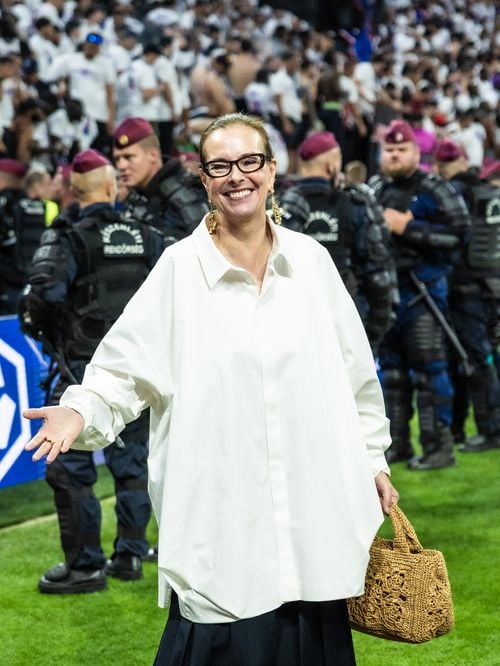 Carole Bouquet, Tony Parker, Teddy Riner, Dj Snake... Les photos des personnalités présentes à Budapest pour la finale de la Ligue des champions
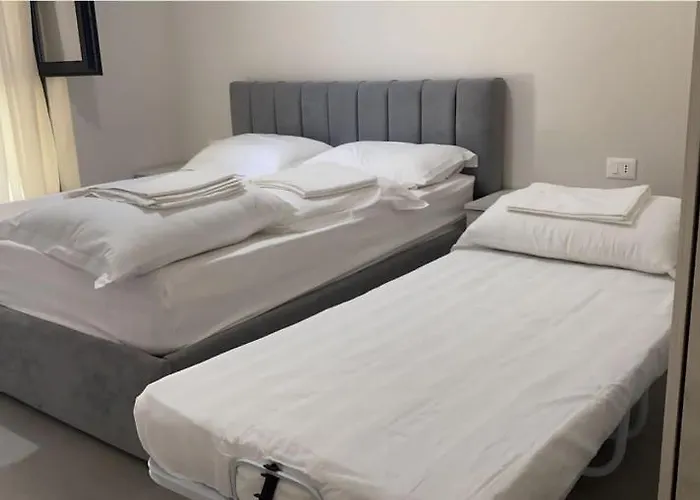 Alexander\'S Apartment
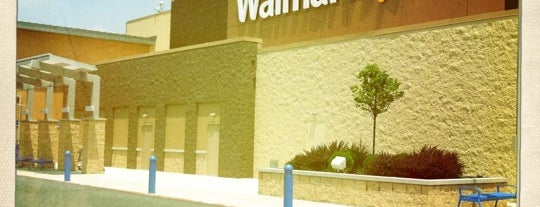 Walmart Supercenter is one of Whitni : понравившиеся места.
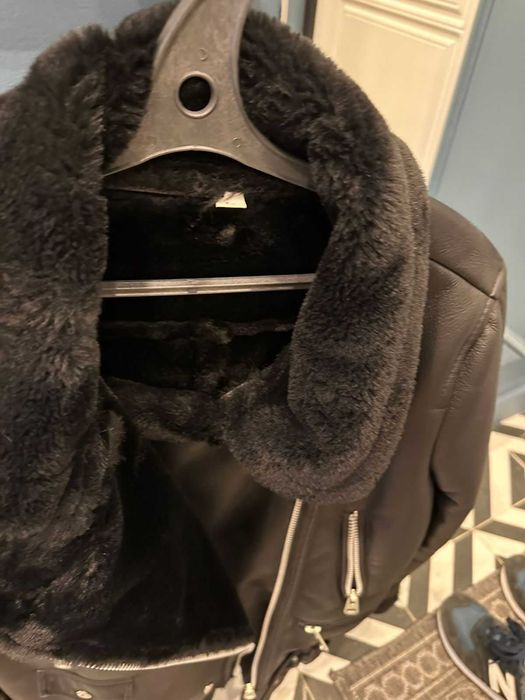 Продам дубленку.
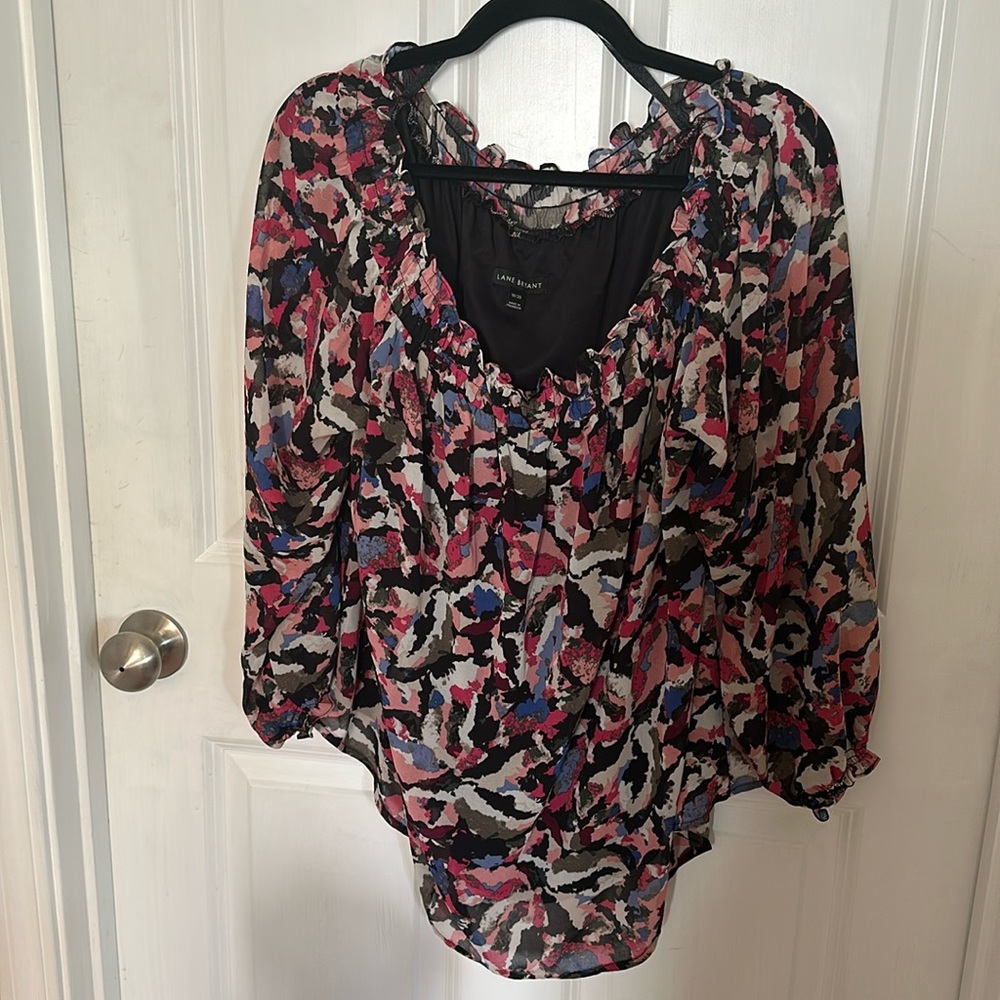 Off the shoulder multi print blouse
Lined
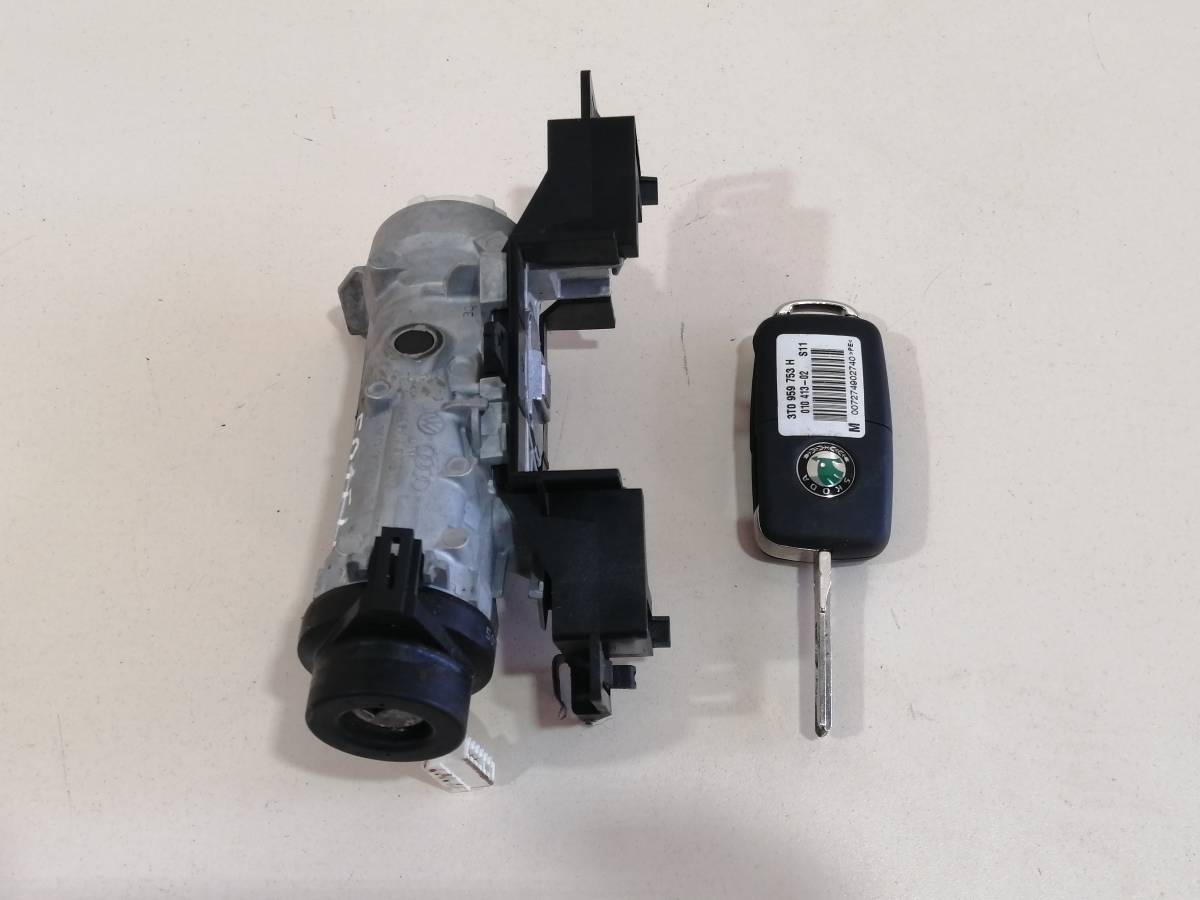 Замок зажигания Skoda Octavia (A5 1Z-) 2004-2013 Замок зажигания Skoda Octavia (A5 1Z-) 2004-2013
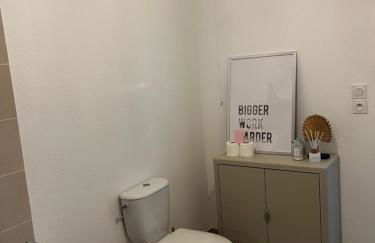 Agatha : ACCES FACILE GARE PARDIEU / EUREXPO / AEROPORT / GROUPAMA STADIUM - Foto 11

▶ [What you should do]: What's needed is an exact copy of every entry, free of pictures.

▶ [Answer to this problem]:
 Carole Bouquet, Tony Parker, Teddy Riner, Dj Snake... Les photos des personnalités présentes à Budapest pour la finale de la Ligue des champions
 Alexander\'S Apartment
 Walmart Supercenter is one of Whitni : понравившиеся места.
 Продам дубленку.
 Off the shoulder multi print blouse
Lined
 Замок зажигания Skoda Octavia (A5 1Z-) 2004-2013 Замок зажигания Skoda Octavia (A5 1Z-) 2004-2013
 Agatha : ACCES FACILE GARE PARDIEU / EUREXPO / AEROPORT / GROUPAMA STADIUM - Foto 11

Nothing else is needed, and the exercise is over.